En cualquier caso, el tameshigiri es muy interesante, porque demuestrala diferencia entre la teoria y la práctica en el corte y de como la calidad de la hoja no es tan importante como la capacidad del esgrimista, (por supuesto no debe hacerse con hojas de mala calidad o espadas de utileria) .

Algo que se debe tomar en cuenta, es que el tameshigiri con algunos materiales, dañan la estética de la hoja y la rayan, además resulta caro comprar bamboo tierno, o tatamis para la mayoría de los paises occidentales, por eso no es muy rentable hacerlo cotidianamente.


miércoles, 16 de enero de 2013

EL COMBATE EMPIEZA EN LA MENTE



En el estudio de artes marciales tradicionales, particularmente las relacionadas con el Budo, se considera sin sentido y en definitiva contraproducente desarrollar en primer lugar y casi exclusivamente en los factores externos del arte, sobre el desarrollo físico del cuerpo y el modo hábil de maniobrar con las distintas estrategias de combate (tanto en forma dinámica como en técnica), sin desarrollar la condición interna de calma y control permanente. El cuerpo tiene límites demasiado evidentes, pero ¿quien puede describir con certeza los límites de la mente y su potencial de desarrollo?. Es más, ¿quién puede negar que el combate en realidad empieza en la mente?.

El ámbito de la mente es ilimitado y en constante expansión.

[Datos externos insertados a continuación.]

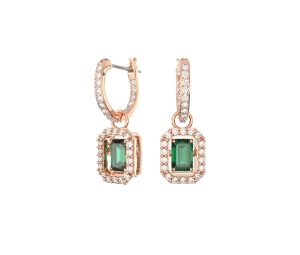 Buy Swarovski Una Drop Earrings Green at Sasom – Authentic and Ready to Ship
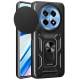 For OnePlus Ace 3 5G / 12R 5G Case PC+TPU Camera Protection Phone Cover Built-in Kickstand - Black OnePlus Mobile Cases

El hecho de desarrollar las facultades de imaginación y control de la mente y coordinarlas todas con las facultades físicas y funcionales del cuerpo provoca una intensificación  de las posibilidades del cuerpo y mejora su funcionamiento en general, mientras el carácter y la personalidad del individuo van creciendo y madurando.

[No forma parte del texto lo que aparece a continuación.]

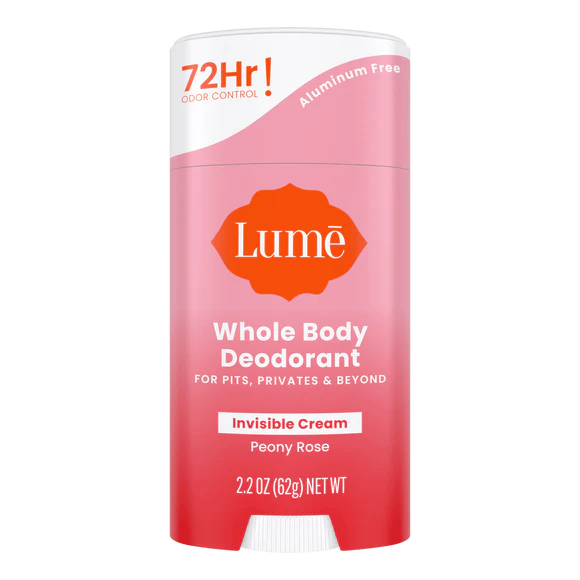 LUME WHOLE BODY DEODORANT INVISIBLE CREAM "PEONY ROSE"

Sin desarrollo interior, todo lo demás es ilusorio. La mente conduce al cuerpo, reiterando así el antiguo axioma de prácticamente todas las grandes civilizaciones "El espíritu ordena la materia".


Es lamentable, que con los conceptos meramente físicos y funcionales del combate, se impartan la enseñanza de métodos de lucha o combate. Independientemente de lo negativo que pueda resultar sembrar una semilla en una mente inmadura, sino porque se crea una falsa seguridad en la capacidad material de un individuo. Podemos ser los mejores boxeadores, o luchadores en un cuadrilátero y no tener una mente guerrera. ¿De que sirve derrotar a un contrincante si no sabes identificar una amenaza en la calle o resolver un dilema cotidiano?

Si no somos capaces de mantener esa distancia mental entre nosotros mismos y los acontecimientos a medida de que van floreciendo e incluso estallando a nuestro alrededor. Esos mismos acontecimientos tomarán control de nosotros y comenzarán a esclavizar nuestra mente. 



Lo primero que aprendes en Kendo es a destruir la atención que los practicantes prestan a el arma del contrincante, los rostros o sonidos que emite; las actitudes amenazadoras y las técnicas irrelevantes. Porque como escribieron los antiguos maestros "no son más que apariencias".

La conciencia es el fundamento de la disponibilidad para un combate efectivo.